Sophie's Glass

As is often the case after I’ve been shooting the breeze with Étienne Guérin, I found myself introspecting, not just during the conversations (two are referenced, one strolling through Williamsburg from Hotel Delmano to our respective homes, and one sitting at The Four Horsemen over an exquisite bottle of 2011 Courtois les Racines and plate of fine steak tartare), but long afterward as well. Walking home from Delmano, we were talking about what brings us joy in wine. It’s not the unicorns; it’s not the expensive bottles; it’s certainly not the bragging rights and social media opportunities that attend opening hard to come by and/or costly bottles. In fact it’s generally the company the wine keeps at the table in terms of both foods and humans that make a great wine experience.
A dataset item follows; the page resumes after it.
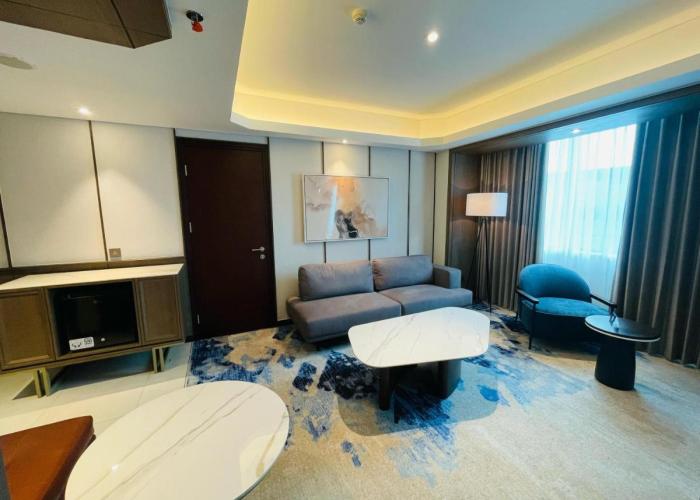 Grand Anara Airport Hotel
Étienne said, and doubtless most of us will agree, that there is no greater pleasure than sharing a tasty bottle with friends, or a lover, or both, over conversation and — usually but by no means always — food.

This type of statement can seem to imply that whether or not the wine is good, well-made, soulful doesn’t matter as long as the company’s up to snuff. But that’s not what I’m saying. It’s more that chances are — after a decade in the business (more in Étienne’s case) — it’s likely the wine is decent if it’s found its way into our glasses (if it’s not, simply open something else, or make a cup of tea), and then we are free to let the joy of drinking and dining with friends and loved ones wash over us. We’re free to stop analyzing the wine, to start griping about Donald Trump’s campaign, the epic failure of the Carolina Panthers in last week’s Super Bowl game, the bone chilling temperatures we’re presently experiencing in these parts, or — a favorite of mine — our f–ked up health care system!

McCarren Park during our 3 feet of snow a few weeks ago.

McCarren Park during our 3 feet of snow a few weeks ago.

In our conversation at The Four Horsemen, Étienne told me that, on the verge of a big birthday, he’d been assessing his tenure in wine and restaurants, trying to figure out what to make of it and where to go next, trying to figure out how better to seize the day. Étienne’s lack of complacency when it comes to life has inspired me since we got to know one another. I’d been feeling the same way, though professionally I’m not looking to go anywhere; I’m quite happy where I am, I’d been realizing that I’ve arrived at a certain place of relative confidence and comfort within the industry and am beginning to ask “what can I do to make this better, to improve my work life balance, to branch out and grow, to continue to learn?”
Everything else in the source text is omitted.